Two years ago, Oskar Gröning was convicted of aiding and abetting the murder of 300,000 Jews in the Shoah.
The scale, uniqueness and global significance of crimes such as these make it very difficult for our traditional texts to give firm answers
to what should be done to such criminals.
In fact, our traditional sources are particularly unhelpful when thinking practically about today’s ethical questions of crime and punishment.
In the Bible, there is no such thing as a crime, only a sin. The response to a sin generally involved a sacrifice of some kind, a restitution of loss and what we might call the meting out of a punishment.
But this system was really designed to restore the balance of justice and righteousness in society, as a reflection of the divine scales of justice.
In the rabbinic period, the principle change was that sacrifice was replaced by other methods of atonement.
The traditional focus is on a form of restorative justice and enabling sinners to re-enter the presence of God, find forgiveness, atonement and restore balance.
But in a liberal democracy, the criminal justice system must be independent of religious creed.
So what should be done with a 96-year-old who aided and abetted murder?
It all depends on what you understand to be the function of the prison system, coupled with our firm belief in upholding human decency in the treatment of men and women, thus taking into consideration any ill health.
Ultimately, since I do not wish to defer all punishment to whatever might be in the hereafter, it is my opinion that the individual must be held to account by humanity in the here and now through the criminal justice system.

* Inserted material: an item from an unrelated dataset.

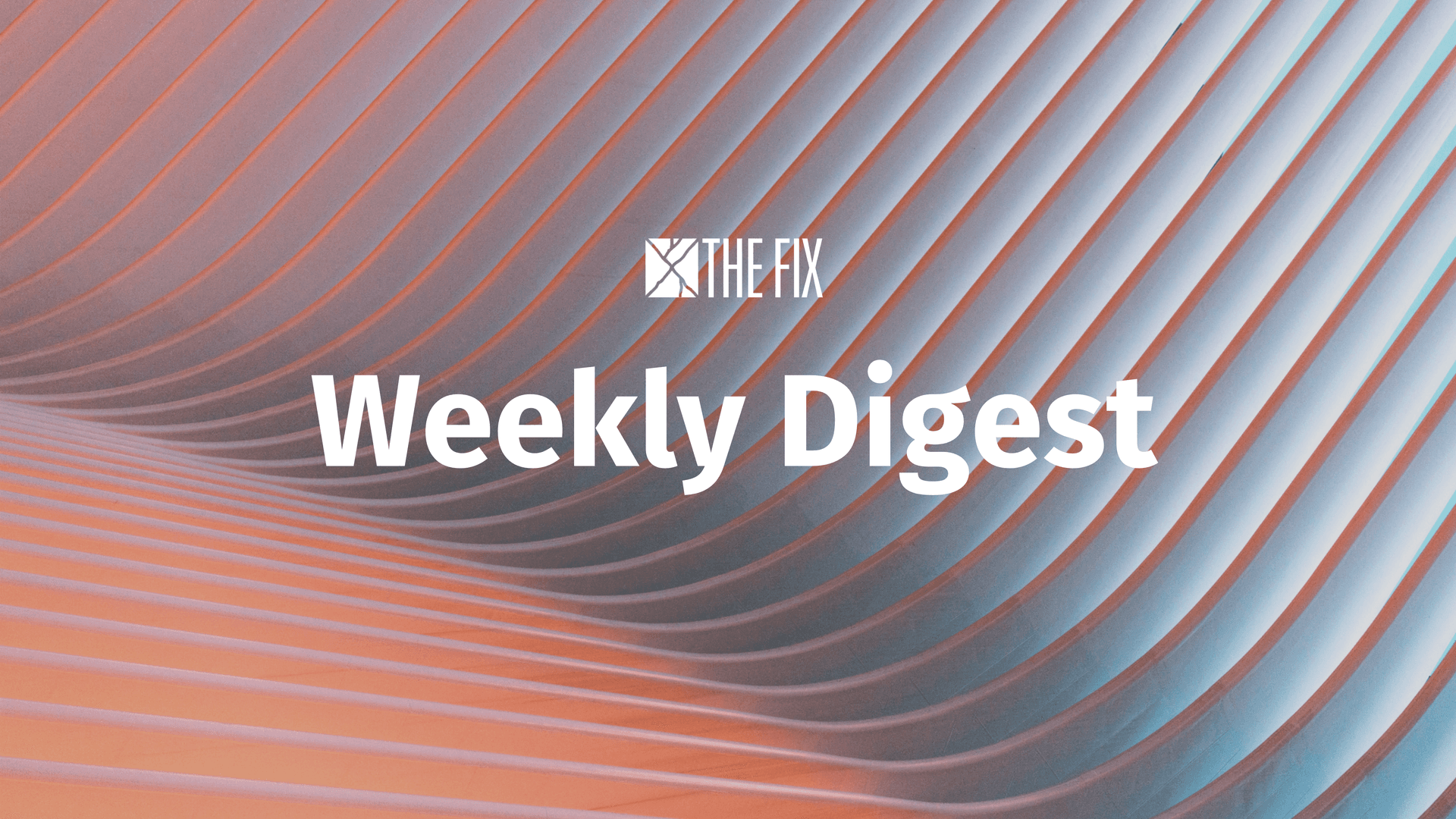 Weekly Digest: A “Miracle” for Meduza, a Historic Appointment for Washington Post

The lives affected and those murdered deserve some kind of justice, no matter how much time has elapsed.
The bloods of our brothers and sisters cry out to plead their case and we have a duty not to just find those responsible, but also make it clear you cannot live as a free man for 70 years and then hope to avoid any kind of consequence for your actions, because you have evaded conviction for so long.
That would be an absurd world in which none of us would want to live.